NeurodataWithoutBorders / nwb-schema

Data format specification schema for the NWB neurophysiology data format
http://nwb-schema.readthedocs.io
Other
53 stars 16 forks source link

modify timestamps specification to allow storing of different time formats #49

Closed ajtritt closed 6 years ago

ajtritt commented 7 years ago

Users would like to store timestamps in both absolute and relative time. To achieve this, the following modification is proposed:

Proposal Add an additional top-level field called _timestampsoffset - the time difference by which timestamps are offset from being relative to the file's global starting time i.e. session_start_time. This value is 0 by default i.e. timestamps are directly relative to session_start_time. If this value is not 0, then to obtain timestamps that are directly relative to session_start_time, one must subtract this offset.

Advantages

Disadvantages

Modifications

neuromusic commented 7 years ago

doesn't this also necessitate a units field and expanding the allowed dtype?

neuromusic commented 7 years ago

"since this will explicitly specify the offset to obtain relative timestamps, eliminating the need for APIs to guess based on range." can you clarify this point?

instead of adding a new field, wouldn't it be more simple to deprecate session_start_time and replace it with timestamps_reference_time as an optional top-level field? however, if people want to use POSIX timestamps (the use case that motivated this), this still necessitates expanding the dtype to include int64 & adding a units field for timestamps, no?

nicain commented 7 years ago

Fwiw, I think that every dimension should have a required unit spec, including time

ajtritt commented 7 years ago

@neuromusic timestamps already has a unit field. Right now it is sent to the constant 'Seconds'. That would need to be changed to support this proposal. We would need to allow ints as well.

Getting rid of session_start_time does not preserve backwards compatibility. By adding this field, we preserve the theme of having timestamps relative to a global start.
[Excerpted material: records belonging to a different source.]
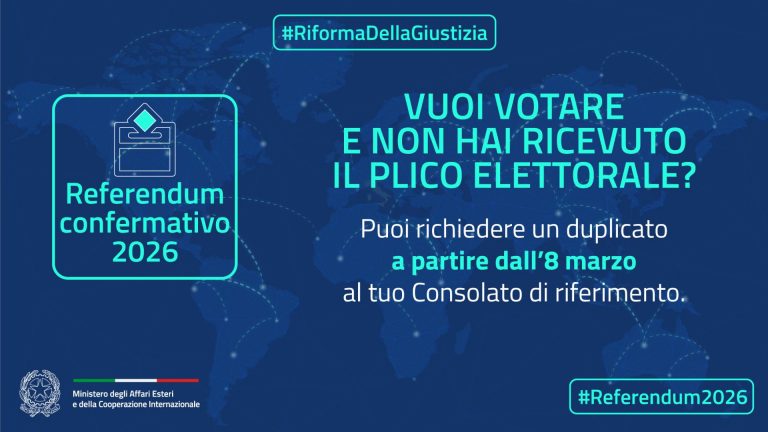 Poster informativo del Ministero degli Affari Esteri sul referendum costituzionale 2026, con istruzioni per richiedere il duplicato del plico elettorale presso il Consolato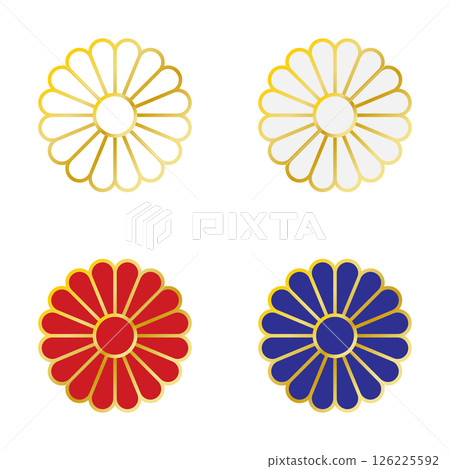 菊花圖案日式圖案插圖集 126225592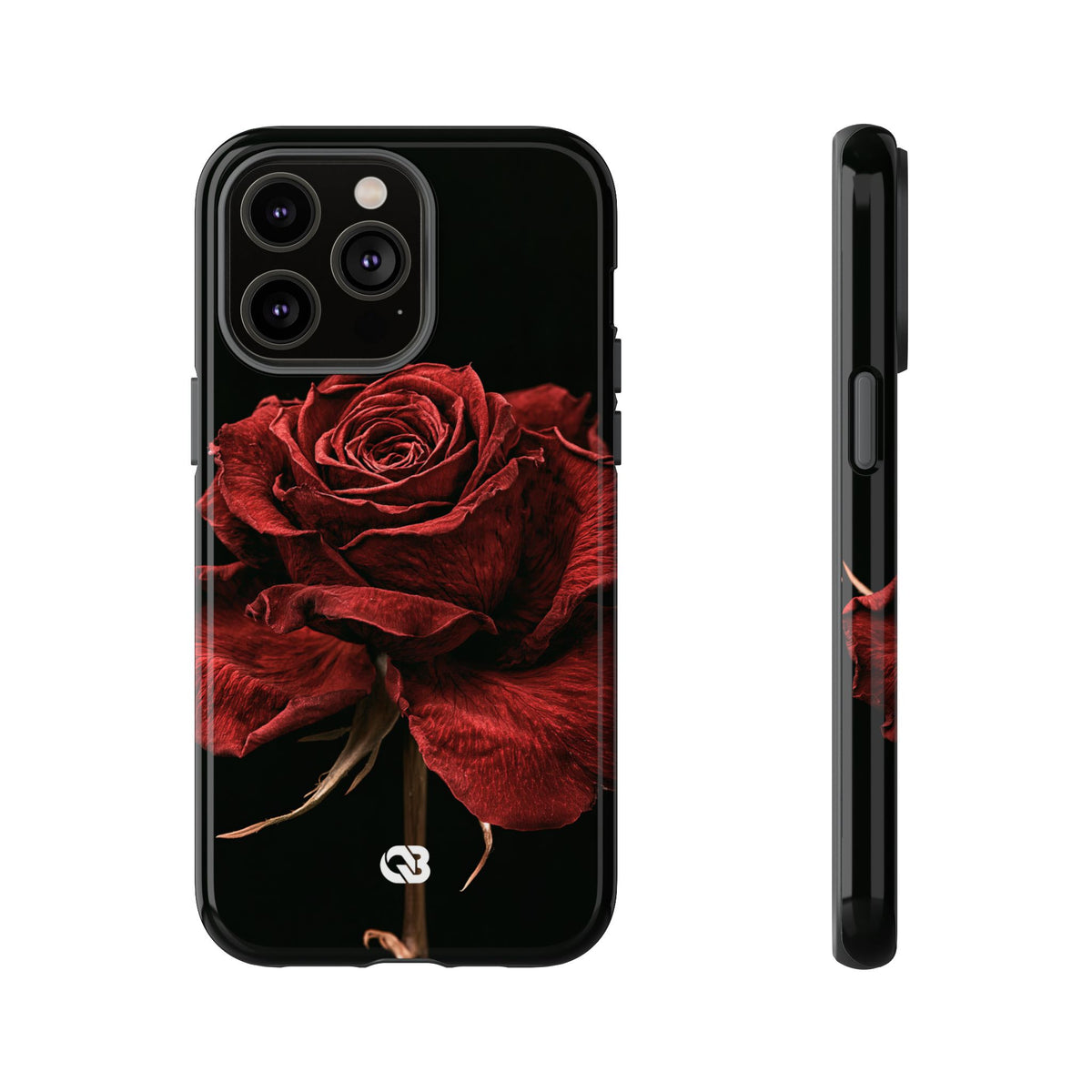Crimson Noir Rose · Tough Phone Case for iPhone · Black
Regarding my statement about API's guessing.... storing the offset provides a mechanism for explicitly specifying what stored timestamps mean. I am trying to strike the balance of keeping relative timestamps as default, but allowing users to specifying absolute time. By specifying timestamps_offset, users can store absolute time, which they may want to do queries or analyses on. However, this breaks the concept of storing timestamps relative to a start time. By storing timestamps_offset, a user is effectively saying "subtract this number from all timestamps to get timestamps relative to the global start time". By explicitly storing this number, we avoid the situation where a users or API has to inspect timestamps to determine which frame they are in. Under the rules I have laid out, It will always be the case that timestamps - _timestampsoffset will always produce timestamps that are relative to session_start_time.

neuromusic commented 7 years ago

"Under the rules I have laid out, It will always be the case that timestamps - timestamps_offset will always produce timestamps that are relative to session_start_time."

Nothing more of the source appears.